DATA EXTRACTS:
+++
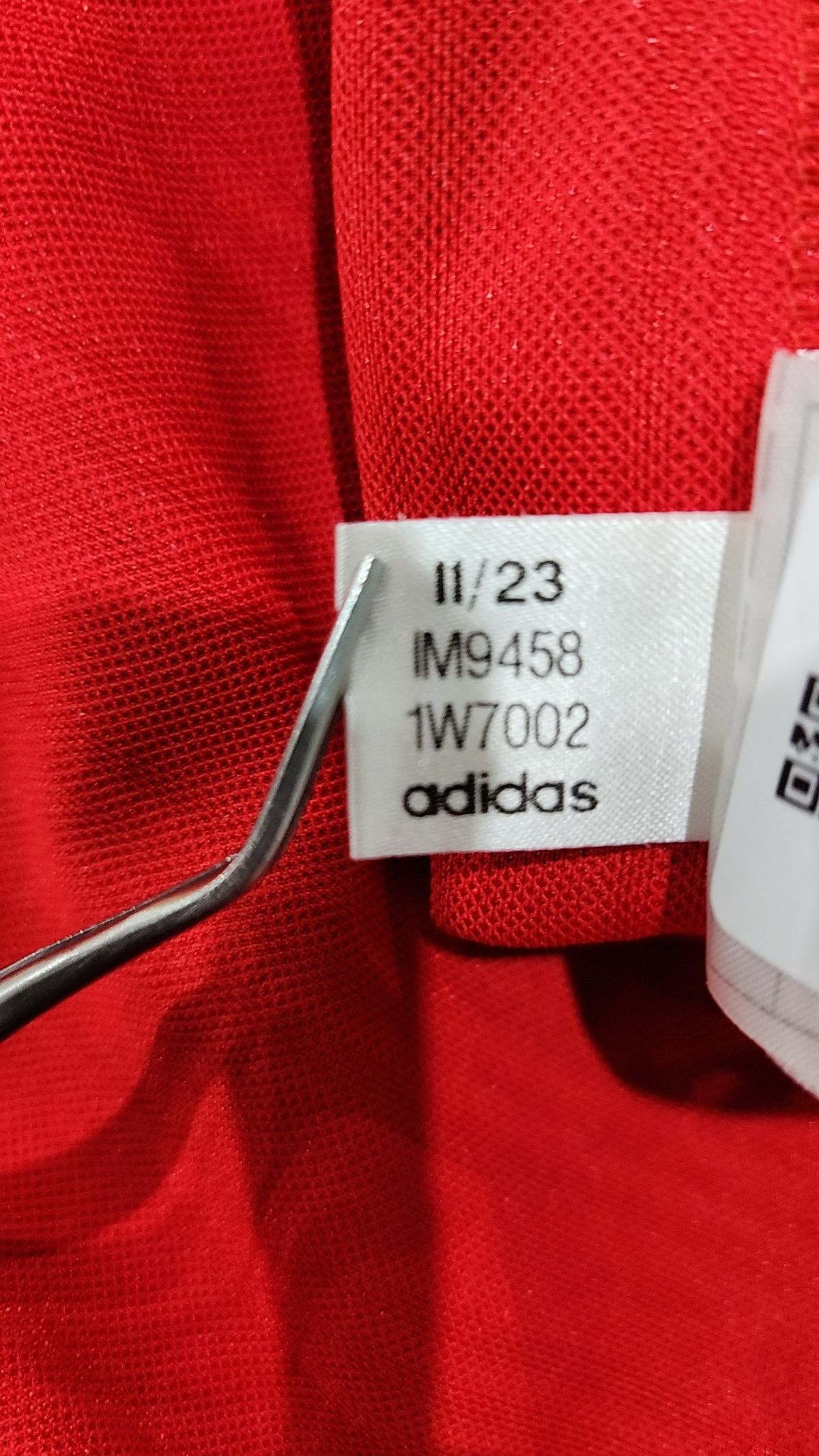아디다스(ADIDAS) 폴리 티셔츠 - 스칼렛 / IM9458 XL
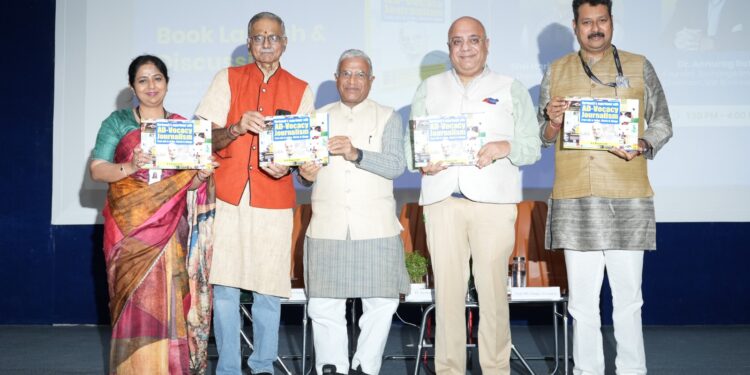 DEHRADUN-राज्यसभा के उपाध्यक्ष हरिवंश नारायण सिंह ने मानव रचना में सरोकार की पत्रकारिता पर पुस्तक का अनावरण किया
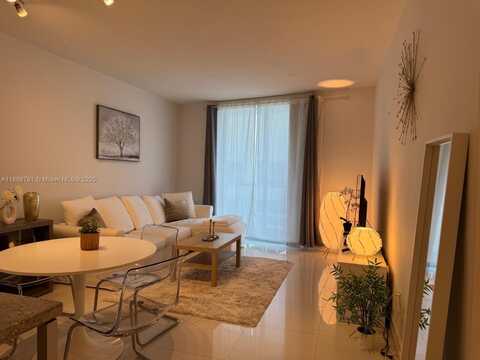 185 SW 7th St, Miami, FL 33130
+++
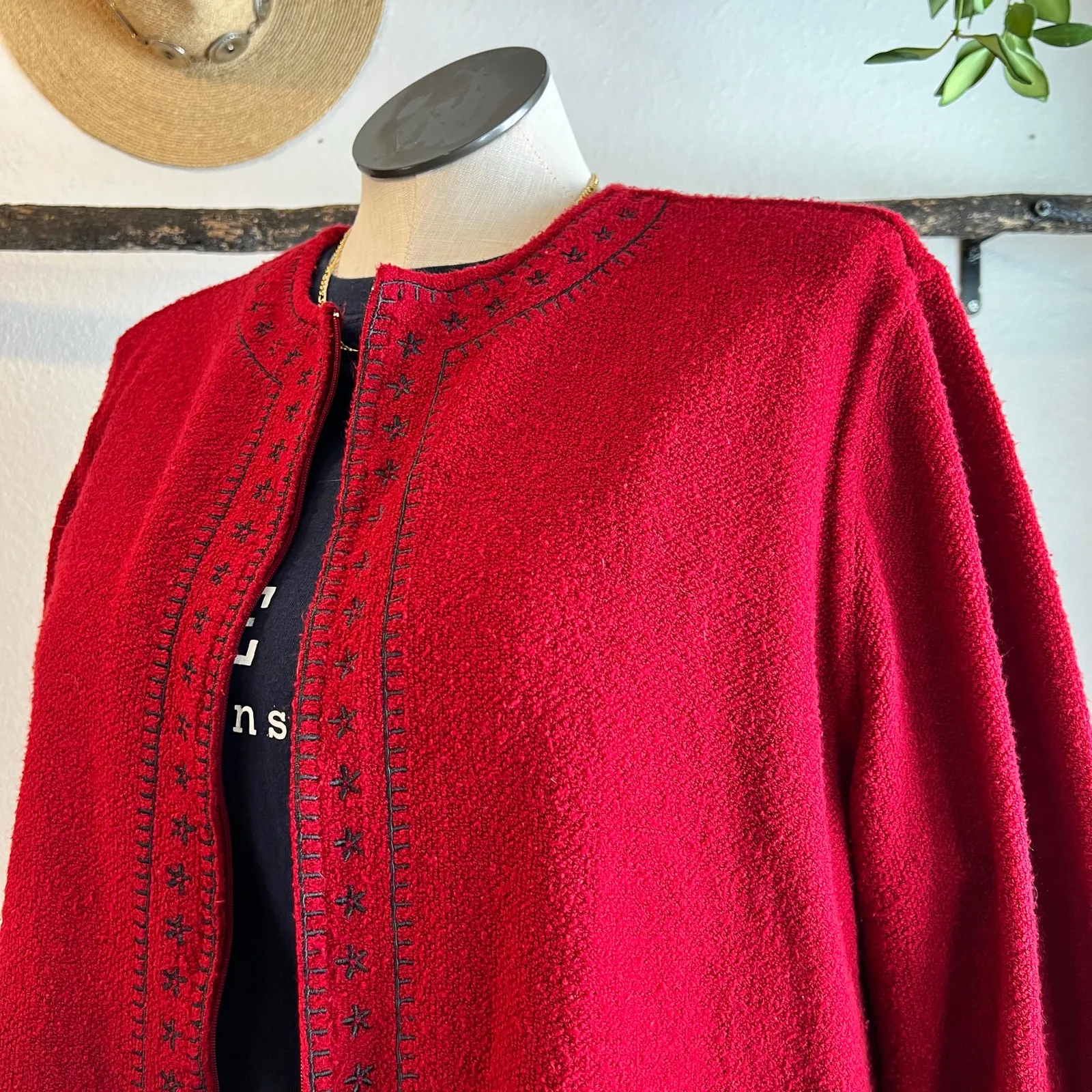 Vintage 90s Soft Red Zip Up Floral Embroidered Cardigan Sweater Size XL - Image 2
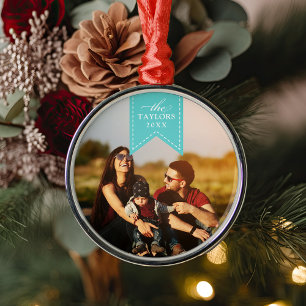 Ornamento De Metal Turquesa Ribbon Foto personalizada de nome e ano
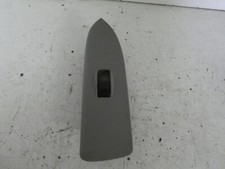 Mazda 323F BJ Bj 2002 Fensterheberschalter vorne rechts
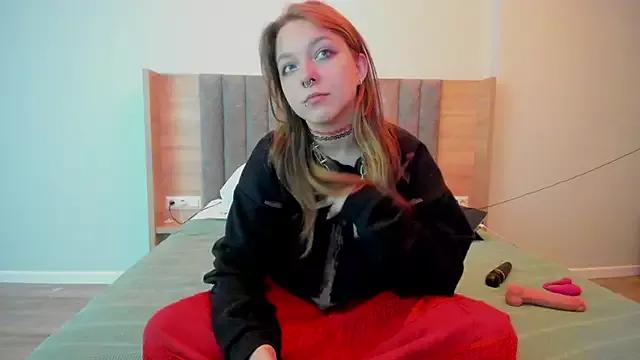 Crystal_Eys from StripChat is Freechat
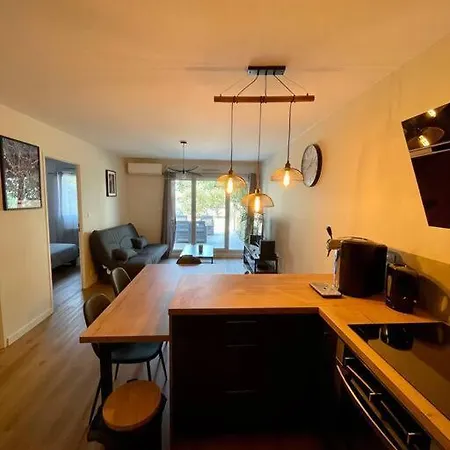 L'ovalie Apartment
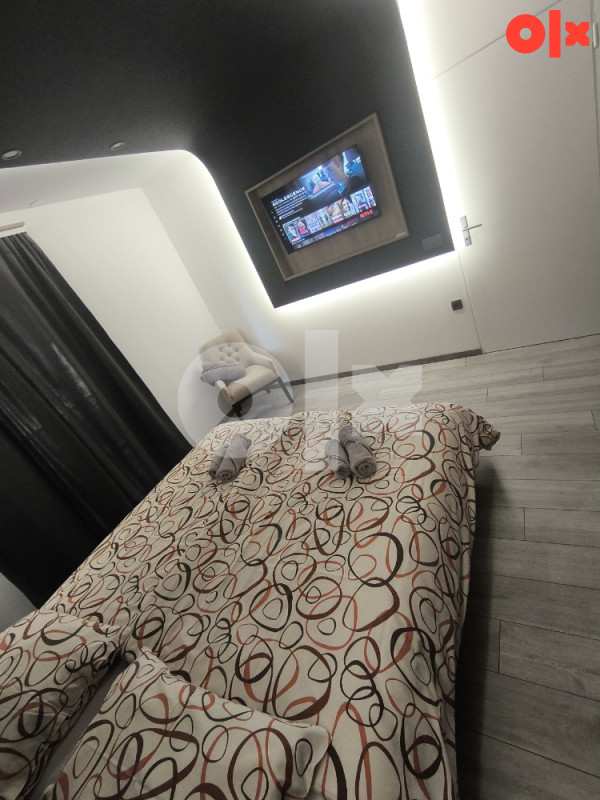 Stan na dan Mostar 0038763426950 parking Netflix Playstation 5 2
+++
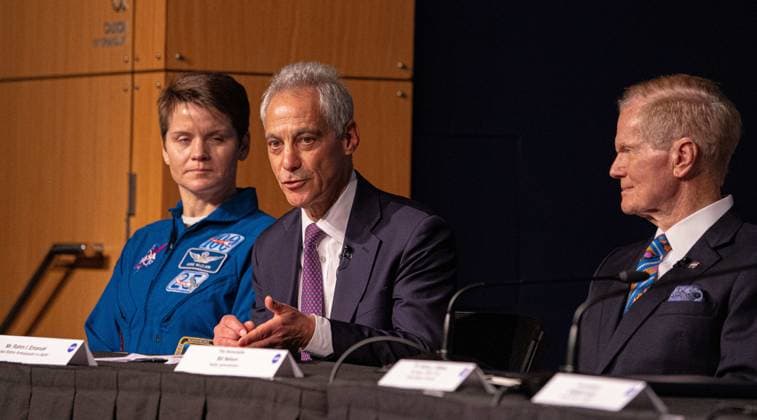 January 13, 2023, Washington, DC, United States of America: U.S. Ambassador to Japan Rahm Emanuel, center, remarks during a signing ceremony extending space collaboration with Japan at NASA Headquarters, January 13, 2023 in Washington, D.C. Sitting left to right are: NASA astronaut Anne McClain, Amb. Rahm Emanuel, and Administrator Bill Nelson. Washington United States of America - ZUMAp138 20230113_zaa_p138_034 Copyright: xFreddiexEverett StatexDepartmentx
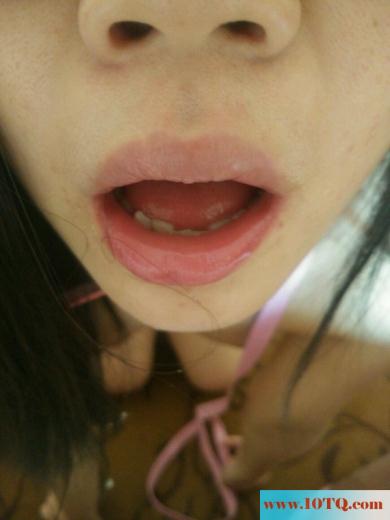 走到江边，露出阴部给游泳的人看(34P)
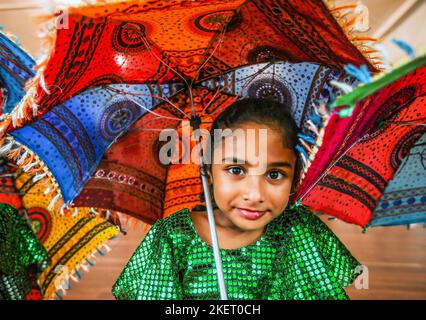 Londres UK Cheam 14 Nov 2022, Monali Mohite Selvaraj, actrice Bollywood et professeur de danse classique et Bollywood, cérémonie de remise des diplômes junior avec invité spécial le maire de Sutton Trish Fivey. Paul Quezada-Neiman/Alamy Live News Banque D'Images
+++
ACTIVITY: Your answer should be the exact lines above from the one containing "Mazda 323F BJ" through the one containing "Stan na dan", with both end lines kept and the pictures removed, please.

REPLY:
 Mazda 323F BJ Bj 2002 Fensterheberschalter vorne rechts
 Crystal_Eys from StripChat is Freechat
 L'ovalie Apartment
 Stan na dan Mostar 0038763426950 parking Netflix Playstation 5 2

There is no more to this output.